> Supplied entries:
········

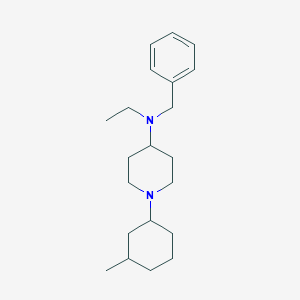 molecular formula C21H34N2 B10888228 N-benzyl-N-ethyl-1-(3-methylcyclohexyl)piperidin-4-amine 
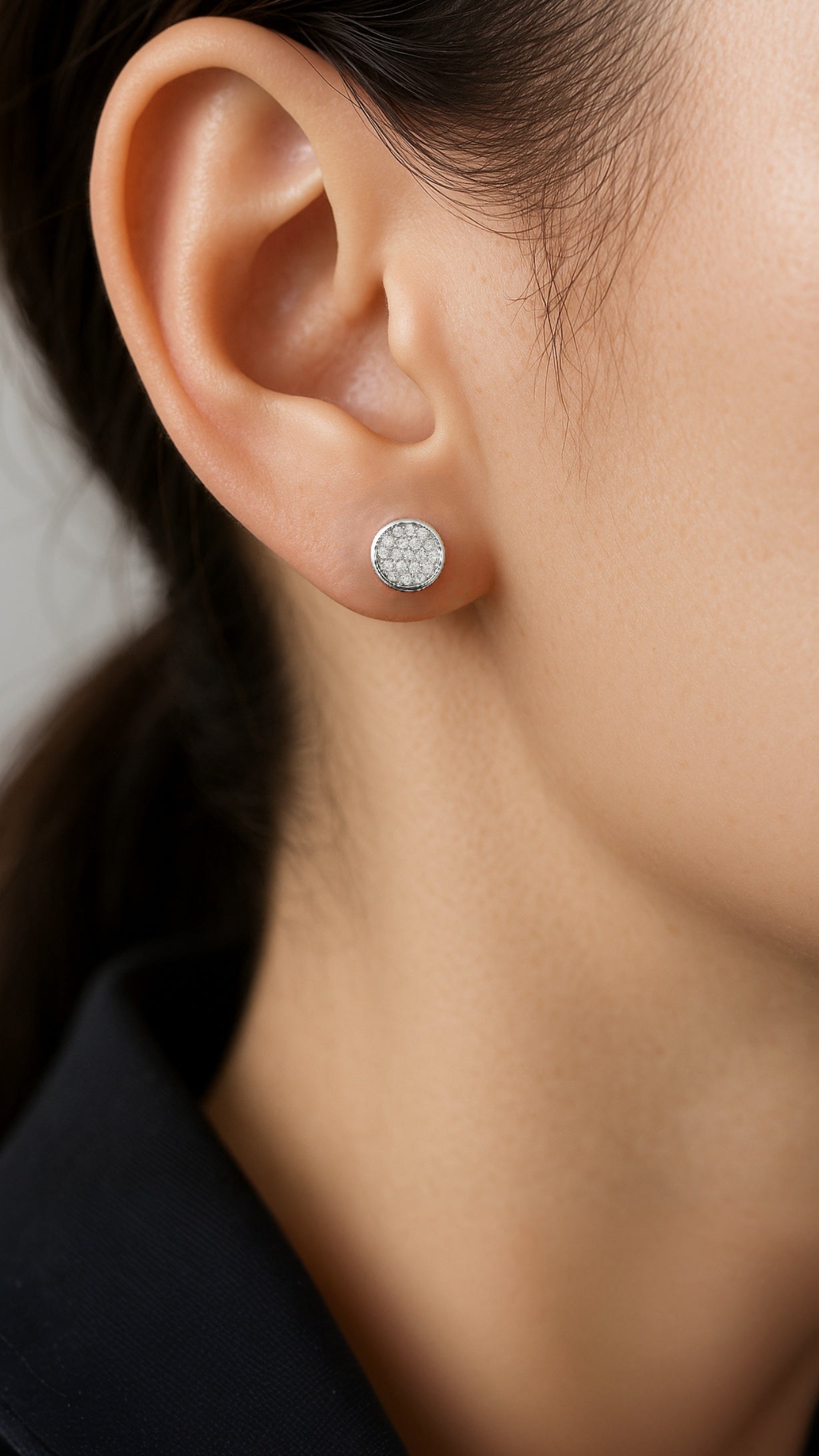 Pendientes de gala brillantes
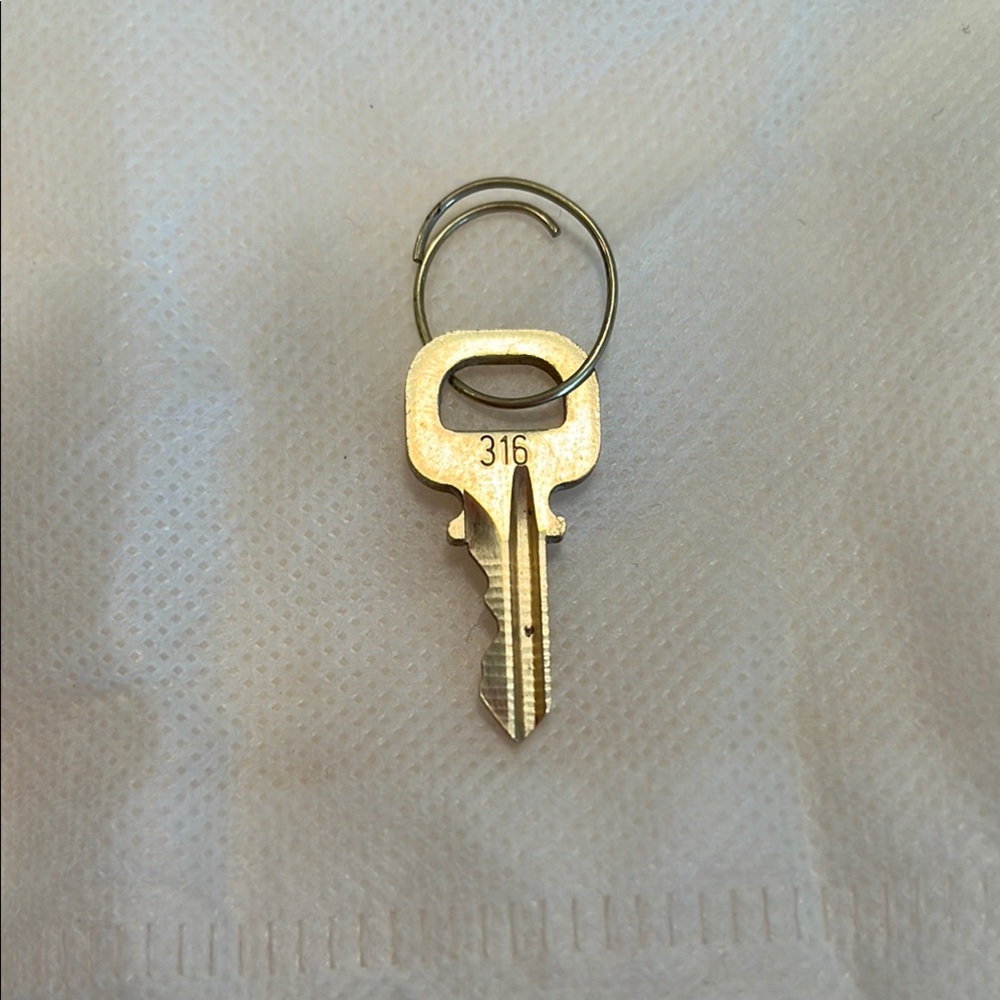 Louis Vuitton Gold tone key #316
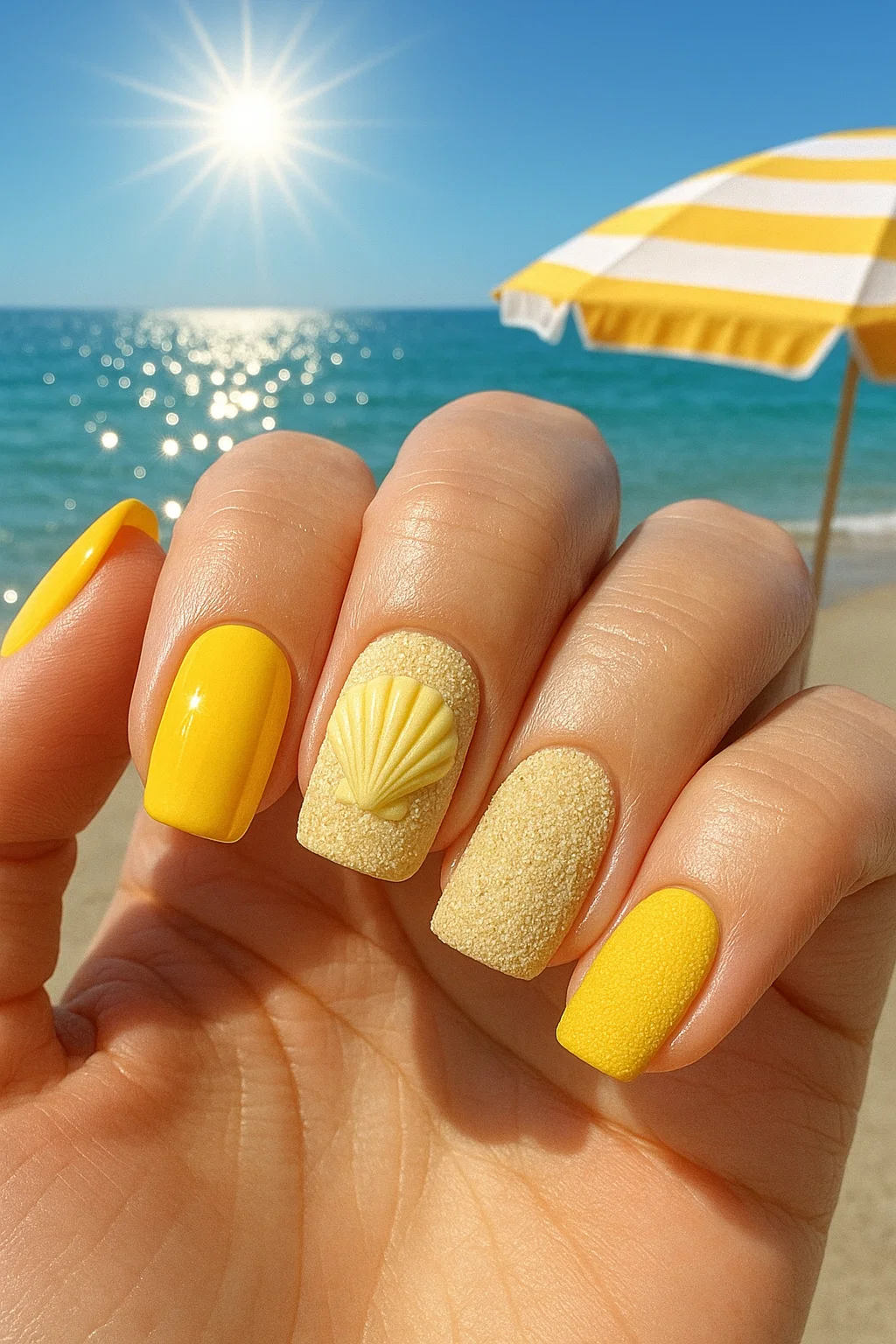 21 Summer Holiday Nails: Oceanic Tropical-Inspired Nails
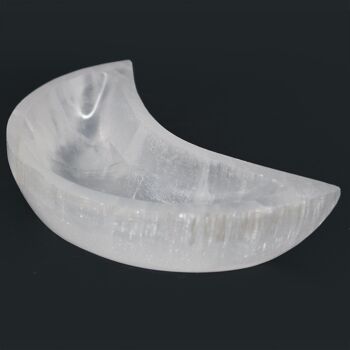 SelB-06 - Selenite Moon Bowl - 15cm - Vendu en 1x unité/s par extérieur 6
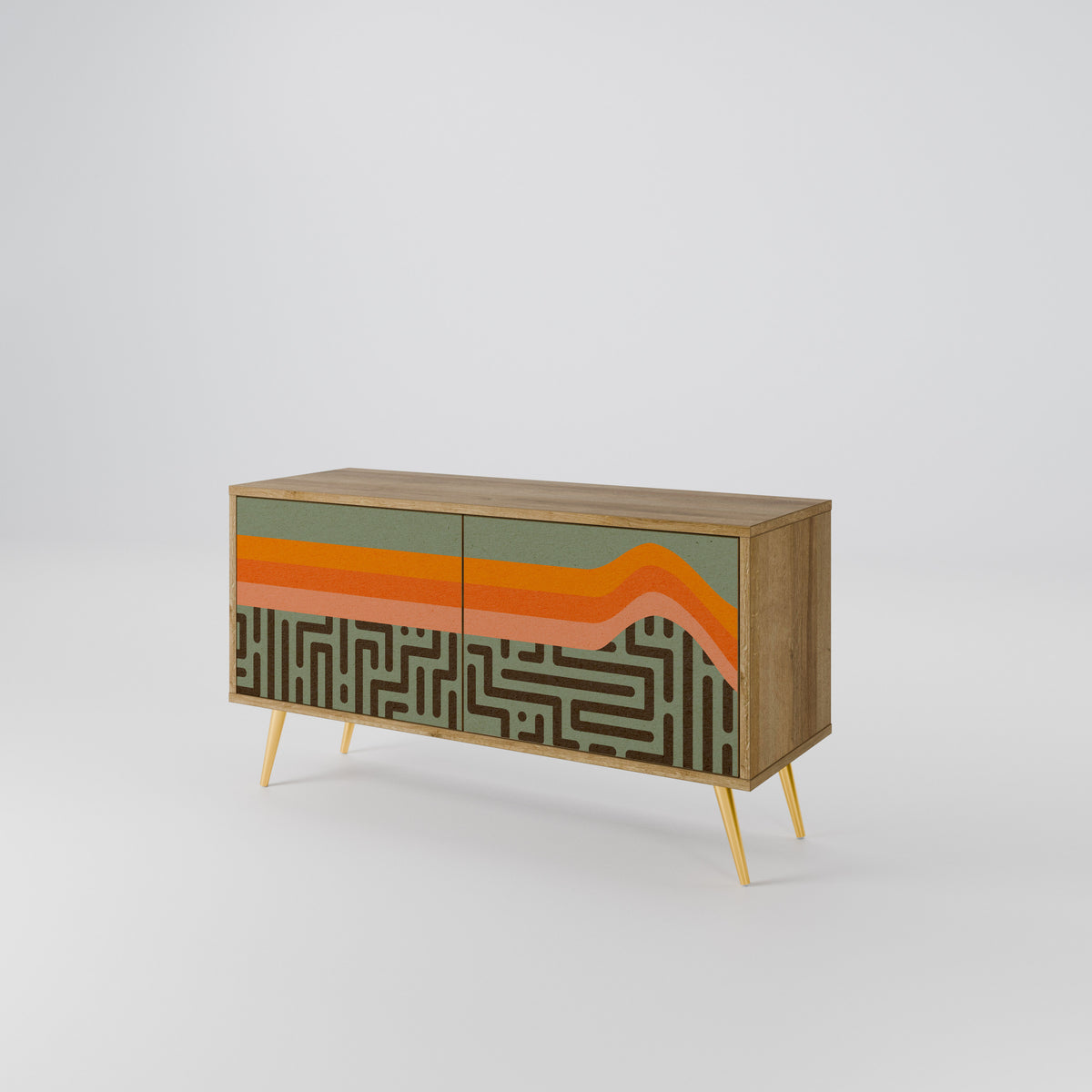 SIMPLE SOLUTIONS Compact 2-Door TV Cabinet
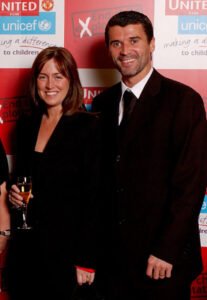 Theresa Doyle and Roy Keane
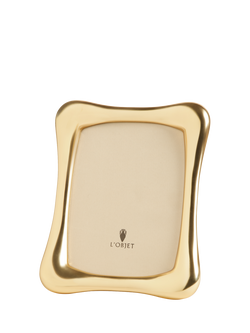 L'OBJET Anton Photo Frame, Gold, Gold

········

> Required action: Please repeat everything in the data above except the pictures, exactly as it reads.

> Task result:
 molecular formula C21H34N2 B10888228 N-benzyl-N-ethyl-1-(3-methylcyclohexyl)piperidin-4-amine 
 Pendientes de gala brillantes
 Louis Vuitton Gold tone key #316
 21 Summer Holiday Nails: Oceanic Tropical-Inspired Nails
 SelB-06 - Selenite Moon Bowl - 15cm - Vendu en 1x unité/s par extérieur 6
 SIMPLE SOLUTIONS Compact 2-Door TV Cabinet
 Theresa Doyle and Roy Keane
 L'OBJET Anton Photo Frame, Gold, Gold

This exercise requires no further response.